I wonder why I'm excited at these games. Why not Athens? The Olympic stadium for the 2004 Olympics had just been finished when I was there for my study abroad program in 1998. Our friends who ran the Marathon finished in the stadium. The subway was being built while I was there-I seem to remember a newspaper kiosk disappearing as a newly dug tunnel collapsed into a building from a previous millennium. We visited Olympia while we were there. Greece and Athens have such significance for the Sleepy-Voiced Husband and me. Why didn't I get over myself then?
As someone who gets so indignant at the trampling of human rights, how is it that I'm not feeling I need to protest these games in a country with such a wretched human rights track record? There has been so much bad news coming out of China in the past year... lead paint in toys and cardboard in food. Or the American man who was murdered (CEO of Bachman's Floral in the Twin Cities).How is it I'm not busy ranting about all of the things that are wrong with China?

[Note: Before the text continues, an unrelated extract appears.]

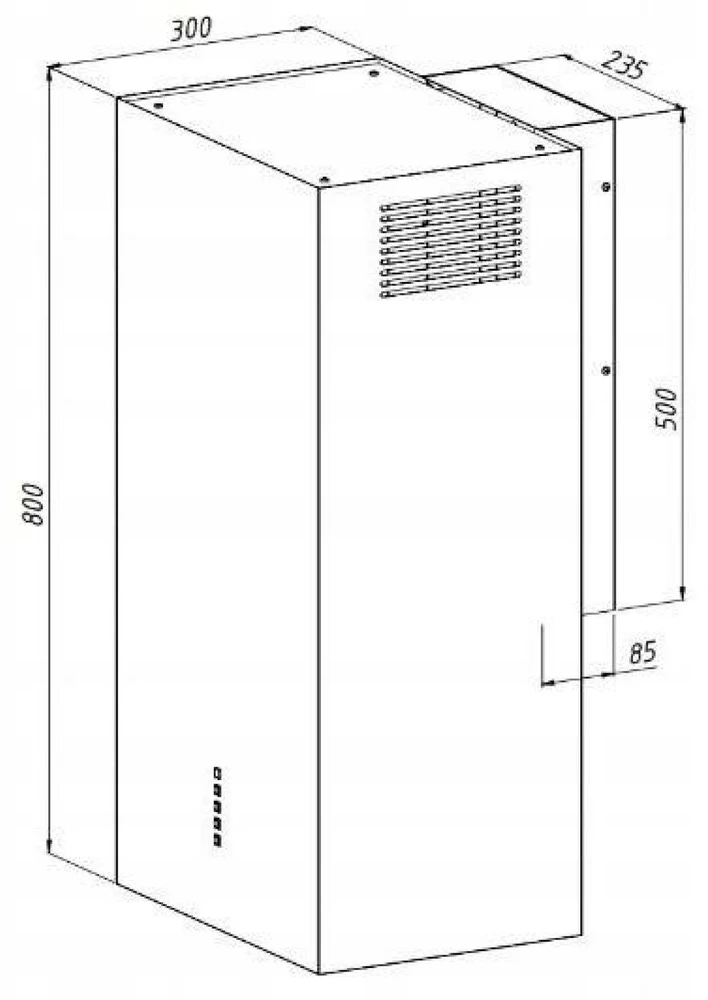 Gartraukis AKPO WK-4 CUBERA WL Juodas MAT T520 M3 hood / Juodas ALUMINIUM FILTER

How is it that I can edit out all those things that have bothered me in the past?
I think I'm feeling the spirit of the games; the chance to put aside the disagreements, and even violent conflict, to meet as humans and enjoy friendly competition and camaraderie. Maybe a few wars later, I want to see something peaceful. I want to see positive relations between my country and the rest of the world. Maybe it's because I'm a mother now, and I want to see the positive aspects of the world in which I'm raising my daughter. I want to see the joy of physical activity in a country in which we face such morbid obesity. I want to see something we can appreciate as a family. I want to see something beautiful and inspiring.
I'm sure I'll go back to all of my causes and righteous indignation later, but for now, I just want to feel the hope and excitement of the games.